M. Eliade a parfaitement exprimé le rôle attribué à la lune de tisser le destin des hommes, cette conception fondamentale est à l'origine des interdits du 1er février. Dans ce temps de passage magiquement fort où le destin était en devenir les hommes devaient participer à l'accomplissement des « possibles » en marquant une trêve dans leur activité de filage et tissage, au risque de nouer les fils du destin. La lune révèle à l'homme sa propre condition humaine.., l'homme se « regarde » et se retrouve dans la vie de la lune. Voilà pourquoi Brigid est celle qui tissa le premier voile ou premier linceul, qui devint le manteau: brat bride, et dont elle couvrit à terre.

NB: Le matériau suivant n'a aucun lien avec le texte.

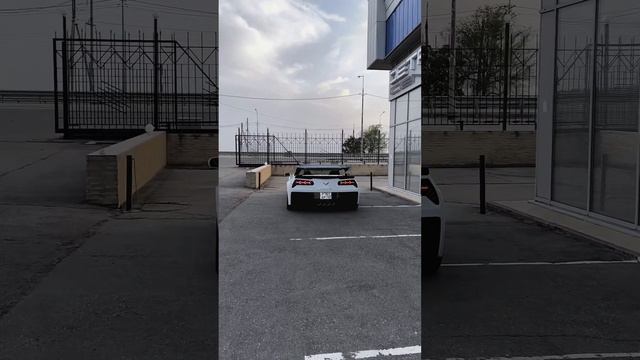 Проект Corvette C7 TOMAHAWK от SCL Global Concept!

Elle est aussi Brigid Bricin, Brigid la rousse, autrement dit « aux taches de rousseur », ces taches ne seraient-elles pas celles que l'on a coutume de distinguer sur l'astre lunaire et d'interpréter ? Ne faut-il pas voir encore dans la présence de la vache au côté de la sainte un autre rappel de son origine? Très courante est l'idée que la déesse lunaire est une vache; cela explique le grand nombre de déesses cornues car c'est l'animal qui porte comme un berceau sur son front, le croissant lunaire. N'y a t il pas eu un lien zoomorphe entre la vache et l'ours perçu et interprété en Irlande sous le vocable de « veau d'ours »? L'ours que l'on retrouve dans les traditions du début février est lui aussi un animal éminemment lunaire… La relation de Brigid à la symbolique lunaire, à la végétation, aux animaux sauvages sont autant de traits qui la relient à une civilisation d'économie pastorale, civilisation de la chasse et renvoie à l'image d'une « déesse mère» ou plus précisément à une représentation de la Terre Mère.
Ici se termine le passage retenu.